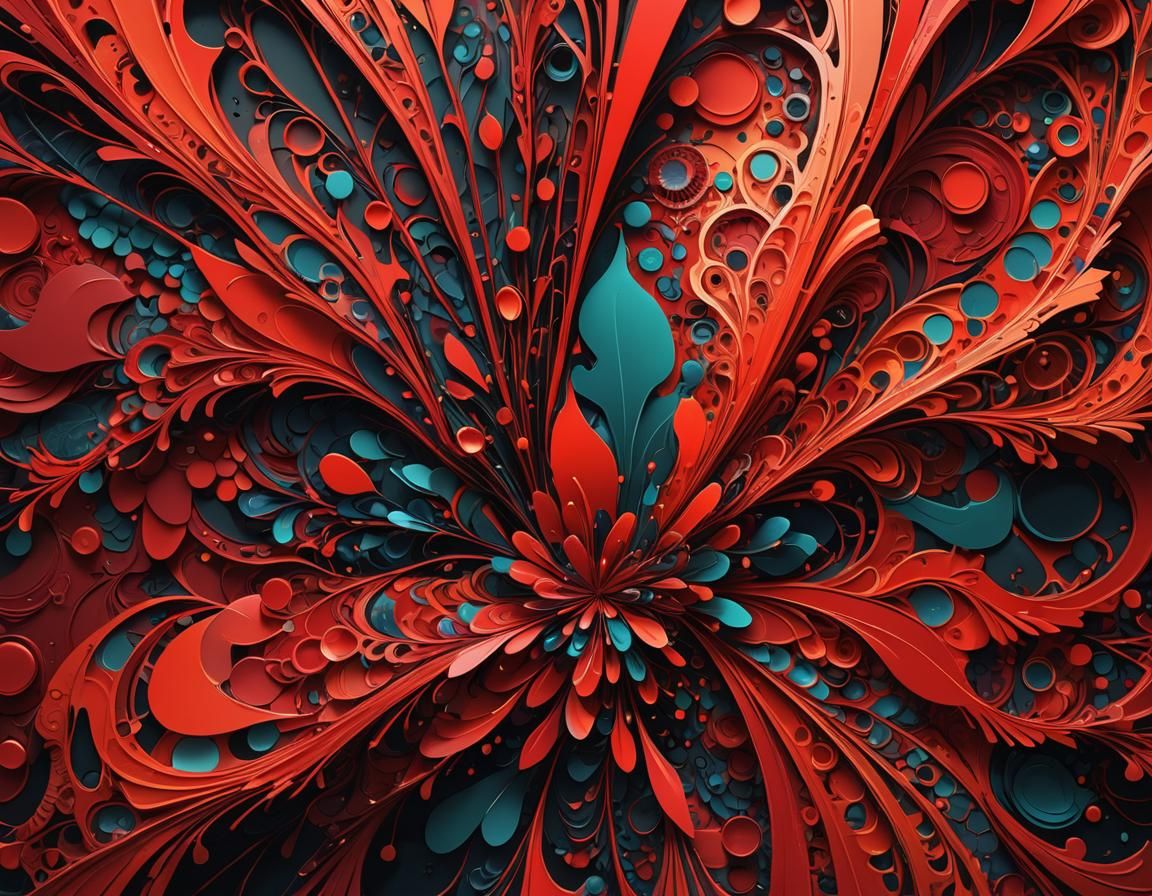 Vibrant Abstract Red Digital Art with Glowing Effects
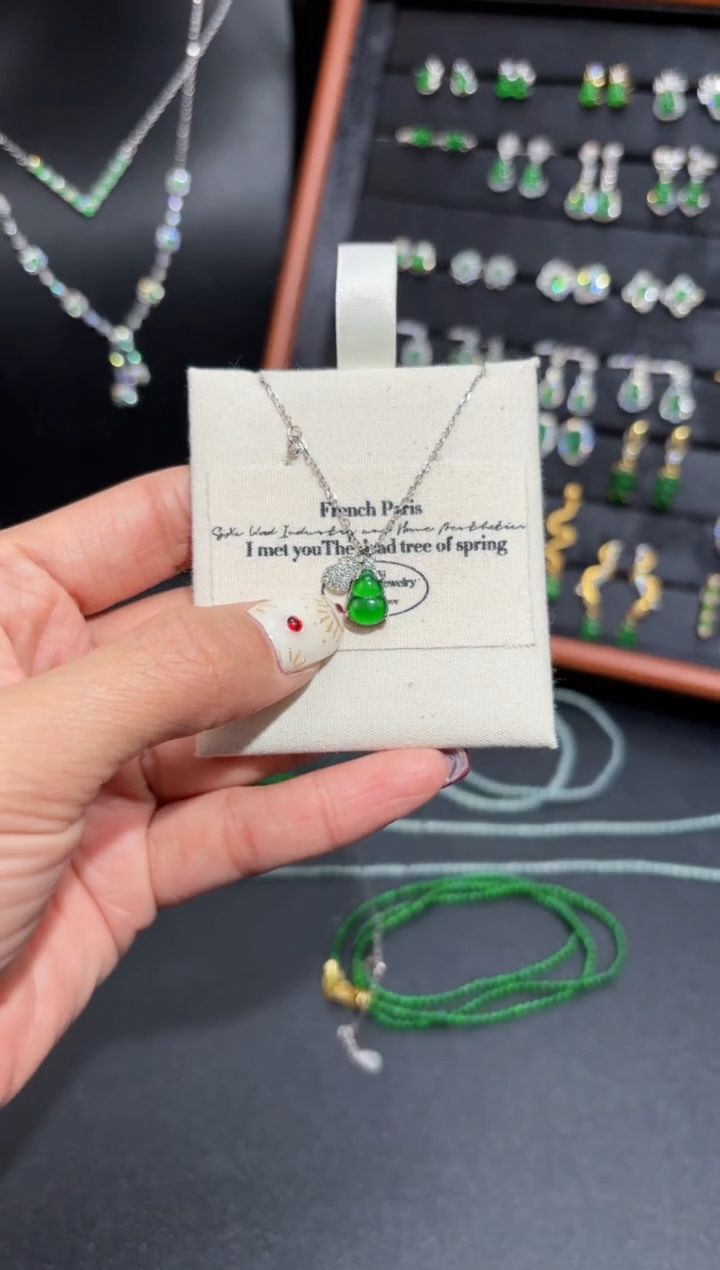 【闪购商品】翡翠颈饰银S925镶嵌葫芦/支持复检/一件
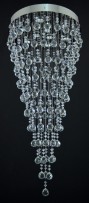 Larger version of the cone chandelier with balls - silver metal, dia 50 x 110 cm - extinguished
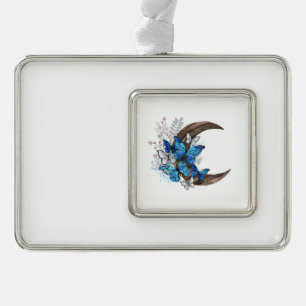 Blue butterflies on wooden crescent christmas ornament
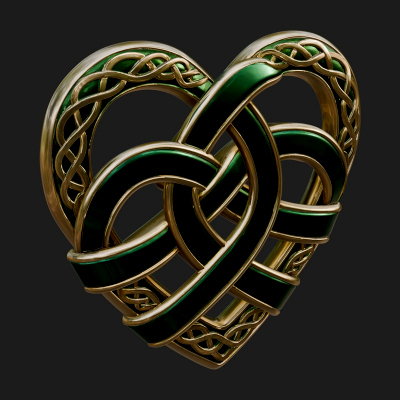 Celtic Knot Heart Pendant Design 4 3D Print Model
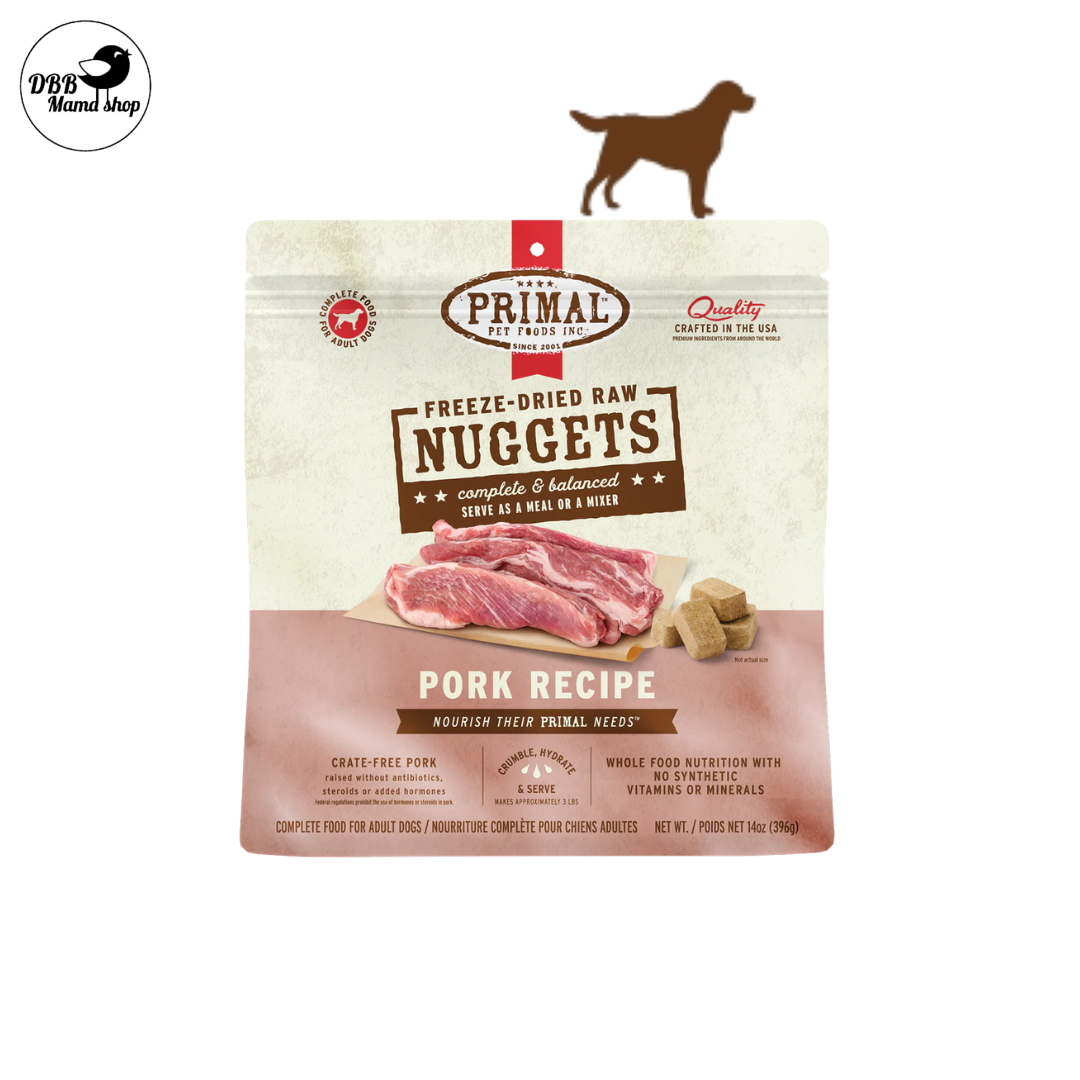 Primal Freeze Dried Raw Nuggets Dog Food 14oz Grain Free, Organic Fruits & Vegetables, Whole Foods Nutrition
----------
#### PROBLEM:
Beginning with the line that contains "Blue butterflies on", write out every line through the last one in the records, exactly and without pictures.

#### ANSWER FOR THIS EXERCISE:
 Blue butterflies on wooden crescent christmas ornament
 Celtic Knot Heart Pendant Design 4 3D Print Model
 Primal Freeze Dried Raw Nuggets Dog Food 14oz Grain Free, Organic Fruits & Vegetables, Whole Foods Nutrition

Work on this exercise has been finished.